BEGIN
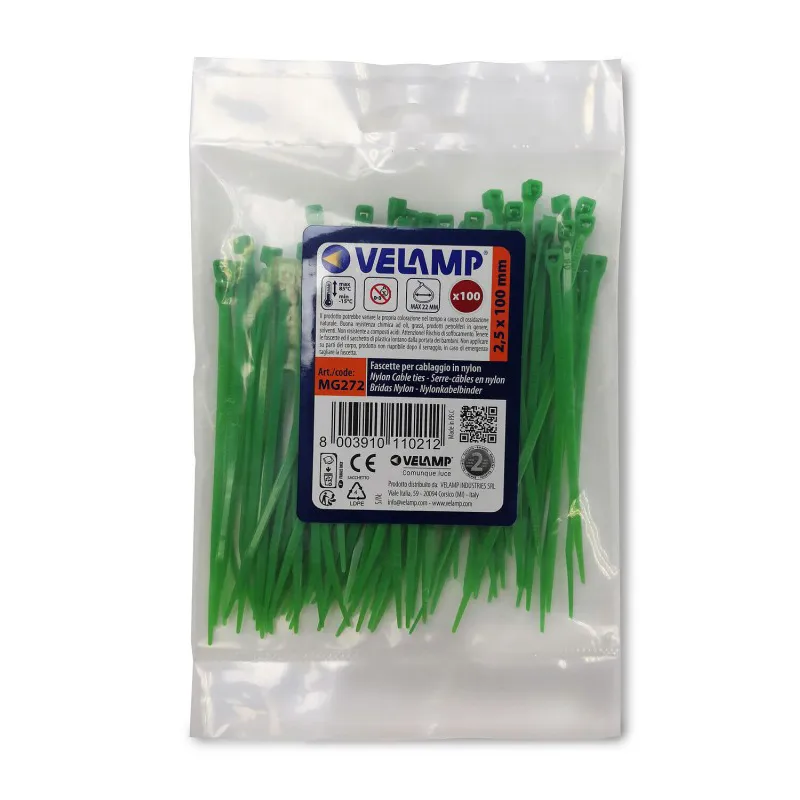 Fasete Prindere 2.5MM/10CM Set 100BUC - Verde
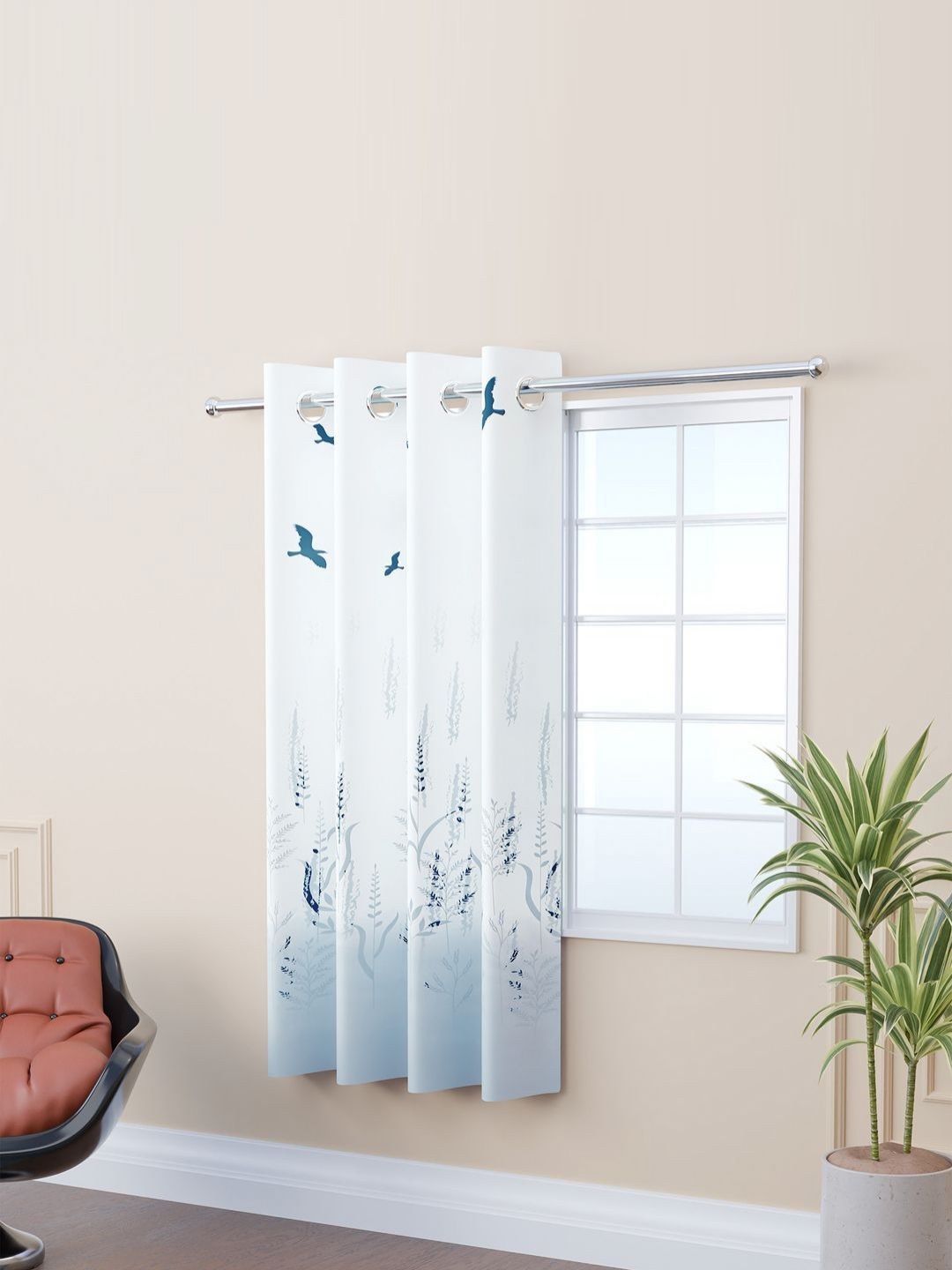 RUBOXA White & Blue Window Curtain-picture-15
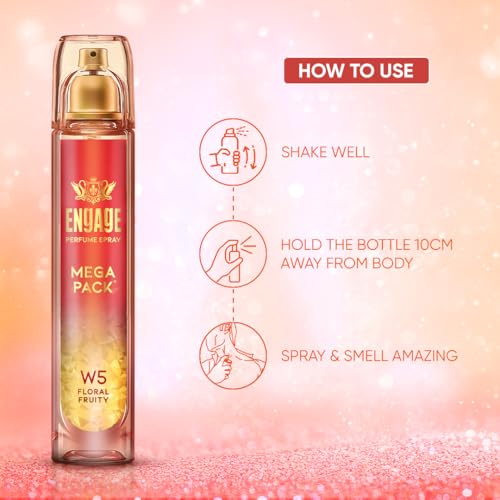 Image of Engage W5 Perfume for Women, Floral and Fruity Fragrance Scent, Skin Friendly Women Perfume, 160 ml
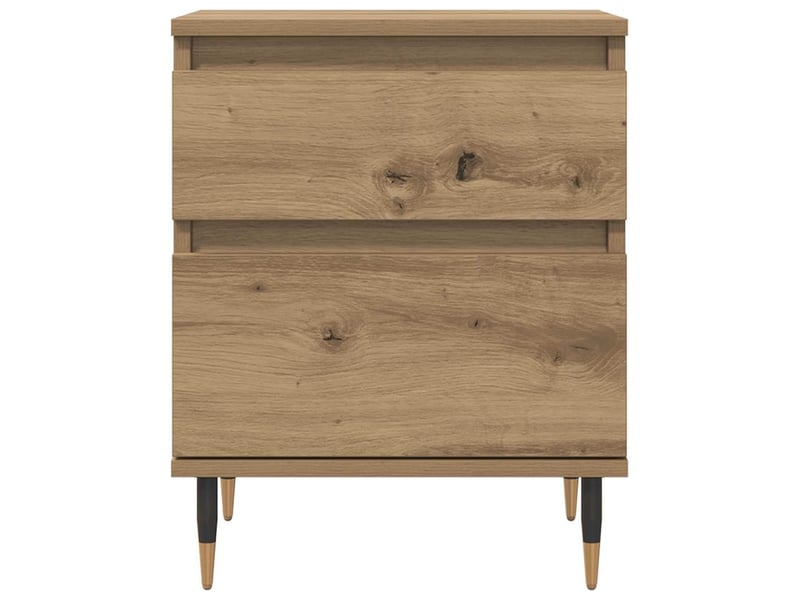  Lot de 2 tables de chevet - cabinet de chevet - table de nuit chêne artisanal 40x35x50 cm  - Conforama D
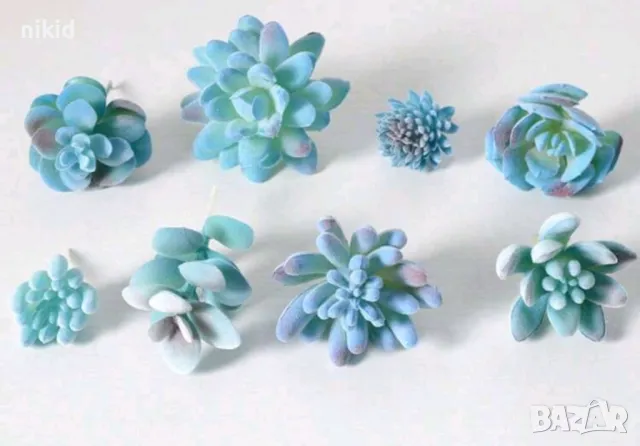 Цвете Цветя сукулент сукуленти кактус микс голям силиконов молд форма фондан шоколад декор украса, снимка 7 - Форми - 48264796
END
Reproduce every line above exactly, pictures excluded.

YOUR RESPONSE ▸
 Fasete Prindere 2.5MM/10CM Set 100BUC - Verde
 RUBOXA White & Blue Window Curtain-picture-15
 Image of Engage W5 Perfume for Women, Floral and Fruity Fragrance Scent, Skin Friendly Women Perfume, 160 ml
  Lot de 2 tables de chevet - cabinet de chevet - table de nuit chêne artisanal 40x35x50 cm  - Conforama D
 Цвете Цветя сукулент сукуленти кактус микс голям силиконов молд форма фондан шоколад декор украса, снимка 7 - Форми - 48264796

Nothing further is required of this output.